## WORK TO BE COMPLETED
Print each line below verbatim, skipping every picture.

## MATERIAL PROVIDED
--------------------------------------------------

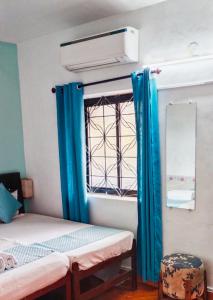 a room with two beds and a window with blue curtains at Baga Beach Paradise in Baga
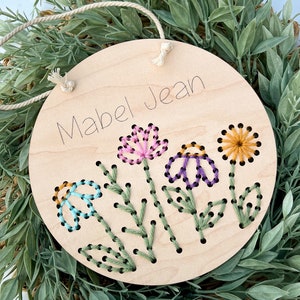 May include: A round wooden sign with the name "Mabel Jean" written on it. The sign is decorated with embroidered flowers in shades of pink, purple, blue, yellow, and green.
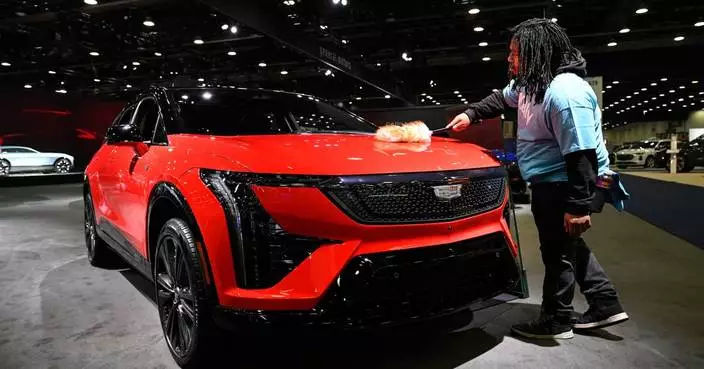 At Detroit auto show, spotlight dims for EVs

--------------------------------------------------

## ANSWER TO THIS TASK
 a room with two beds and a window with blue curtains at Baga Beach Paradise in Baga
 May include: A round wooden sign with the name "Mabel Jean" written on it. The sign is decorated with embroidered flowers in shades of pink, purple, blue, yellow, and green.
 At Detroit auto show, spotlight dims for EVs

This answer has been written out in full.